Pretoria - The EFF in Limpopo has called for the suspension of Great North Transport (GNT) CEO Dr Matata Mokoele, while the DA has vowed to write to the public protector over the parastatal’s R300  million pension fund scandal.

The Pretoria News reported last week that more than 800 current and former employees of the provincial government-owned bus company were counting their losses after R300m of their pension fund vanished.

GNT, which is a subsidiary company of the Limpopo Department of Economic Development and Tourism, failed to pay their contributions to pension fund administrators, or made short payments, for 17 years, even though it had made monthly deductions from employee salaries in breach of the Pension Fund Act (PFA).

The money was evidently used as cash-flow by the cash-strapped bus company.
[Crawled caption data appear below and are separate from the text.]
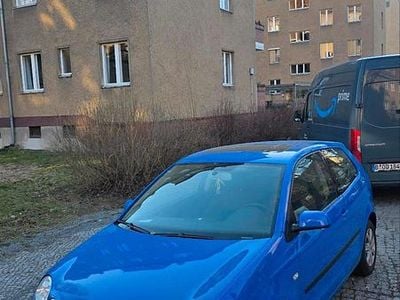 Gebraucht VW Polo 60 PS (44 kW) 2003 Blau Kleinwagen
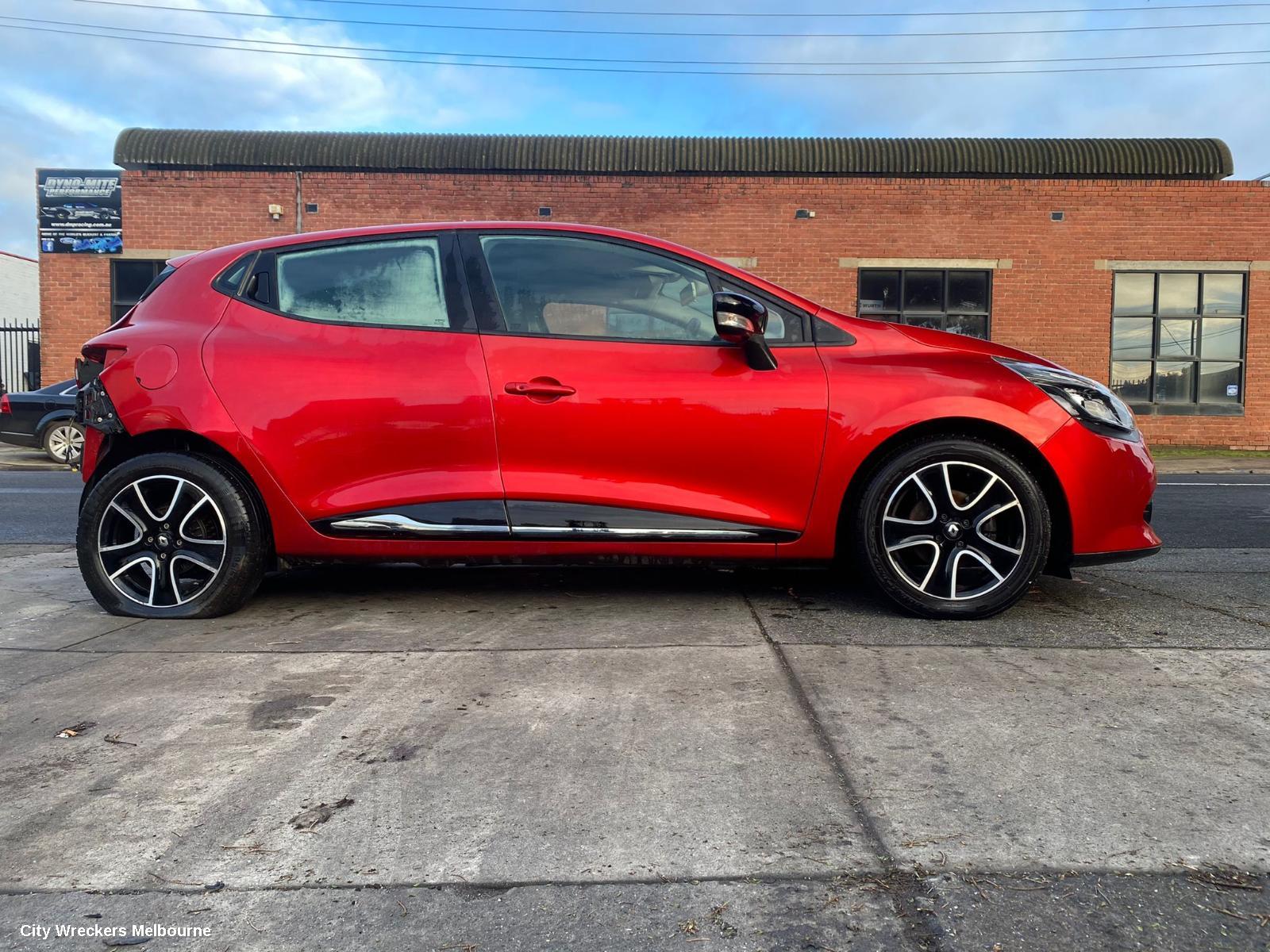 RENAULT CLIO DOOR HANDLE, X98, 09/2013 - 10/2019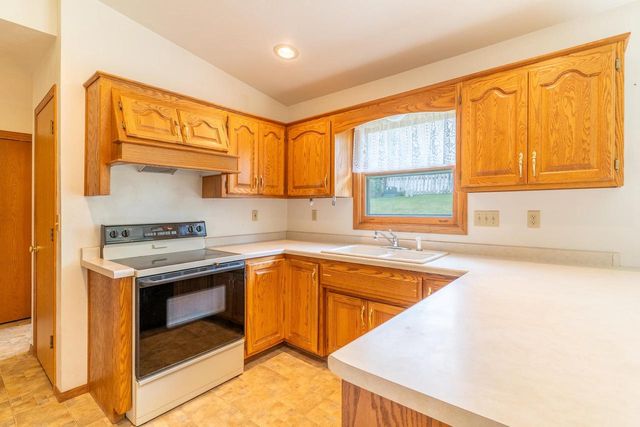 2750 ST ANTHONY DRIVE, Green Bay, WI 54311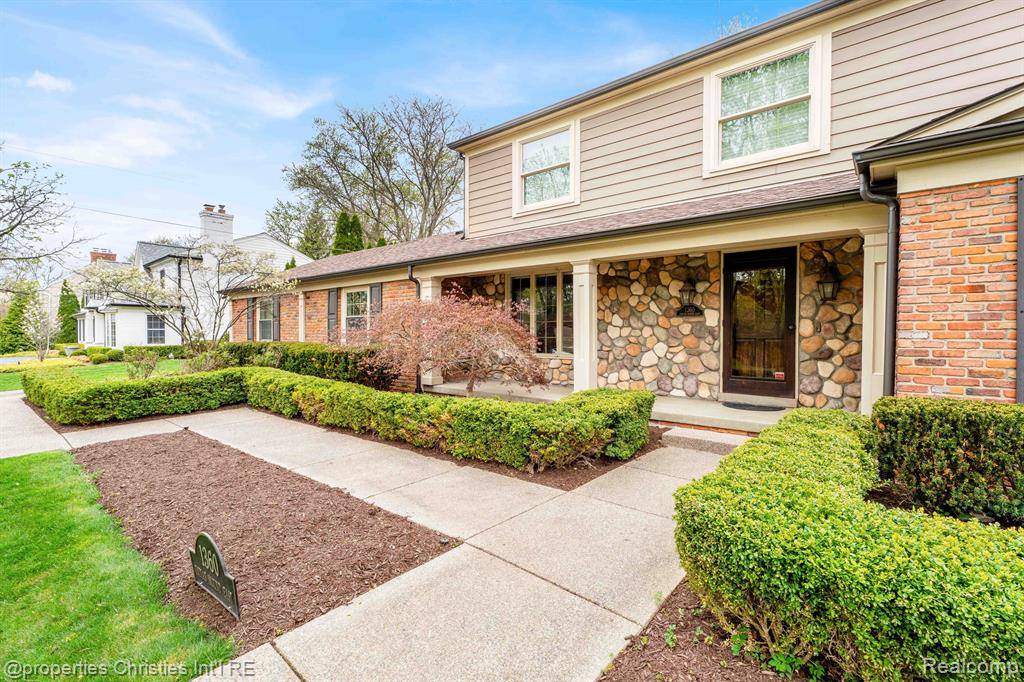 Bloomfield Hills, MI 48301,1360 Indian Mound E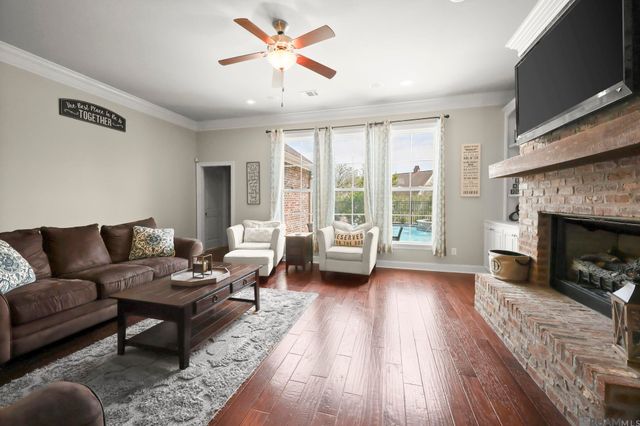 3755 Club View Ct, Zachary, LA 70791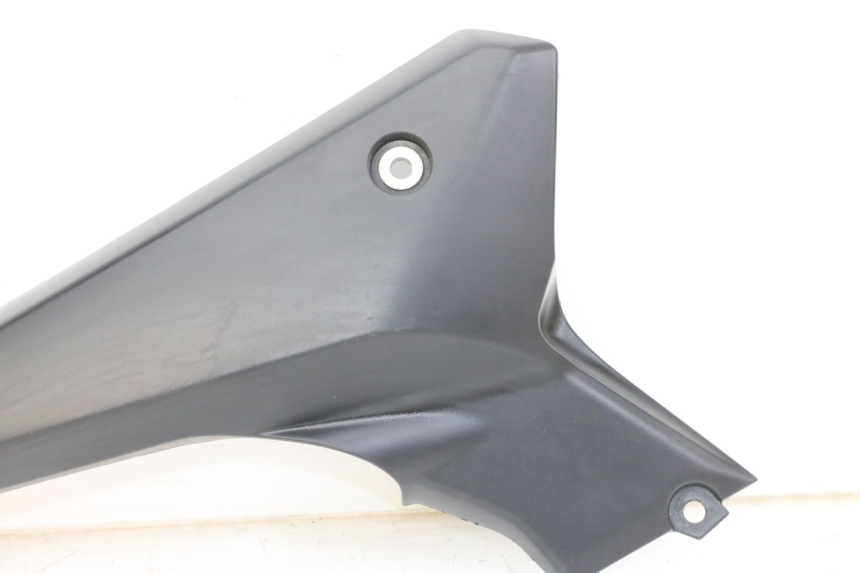 photo de COPERCHIO SOTTO SELLA DESTRO YAMAHA XJ6 ABS 600 (2008 - 2016)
Despite holding quarterly board meetings between 2000 and 2017, the GNT board of trustees also failed to report non-compliance by the bus company to the pension fund registrar as required by the PFA, according to a draft forensic report by global firm BDO.
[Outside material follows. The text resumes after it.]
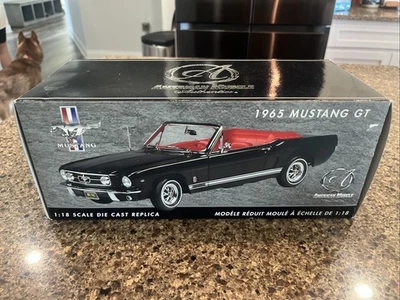 AMERICAN MUSCLE 1965 FORD MUSTANG CONVERTIBLE 1:18 DIECAST! BLACK! NEW IN BOX! - Image 1 of 4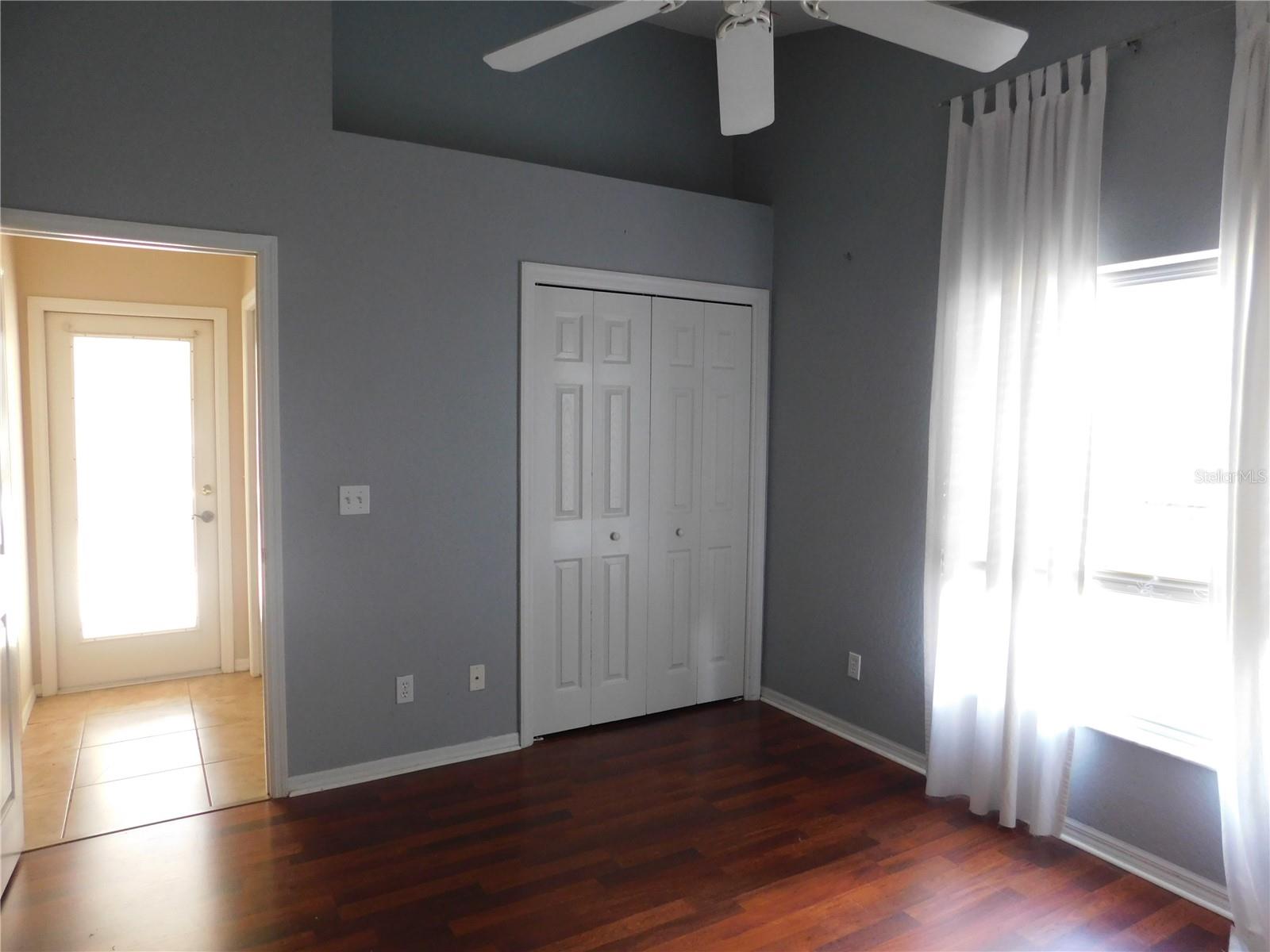 Image 7 of 33 For 3227 Alcott Avenue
EFF member of the provincial legislature Reginah Mphahlele called for the immediate suspension of Mokoele, and the board of trustees led by Thabelang Ncube over the failure to comply with the provisions of Section 7c and 7d of the PFA.

Mphahlele also called for the Limpopo MEC of Transport, Community and Safety, Mavhungu Lerule-Makhanya, to act on the matter urgently.

The DA in the province threatened to report the matter to the public protector, and called for the MEC to hold the board accountable.

The party’s legislature chief of staff, Karla van Rensburg, said: “We call on the current board of GNT and the MEC to hold all the boards of trustees who served during the time where pension contributions were either short paid, late payments made or not paid at all, to account.

“The DA will further lay a complaint at the public protector and request an investigation into the matter,” Van Rensburg said.

“GNT has not been financially viable for seven years, and the turnaround plan will be jeopardised if the outstanding pension funds are not settled. Scopa was informed that R38 million was paid to date and provision was made to pay a further R9m. A report tabled at Scopa says GNT has R122m of debts to service providers, including pensions.”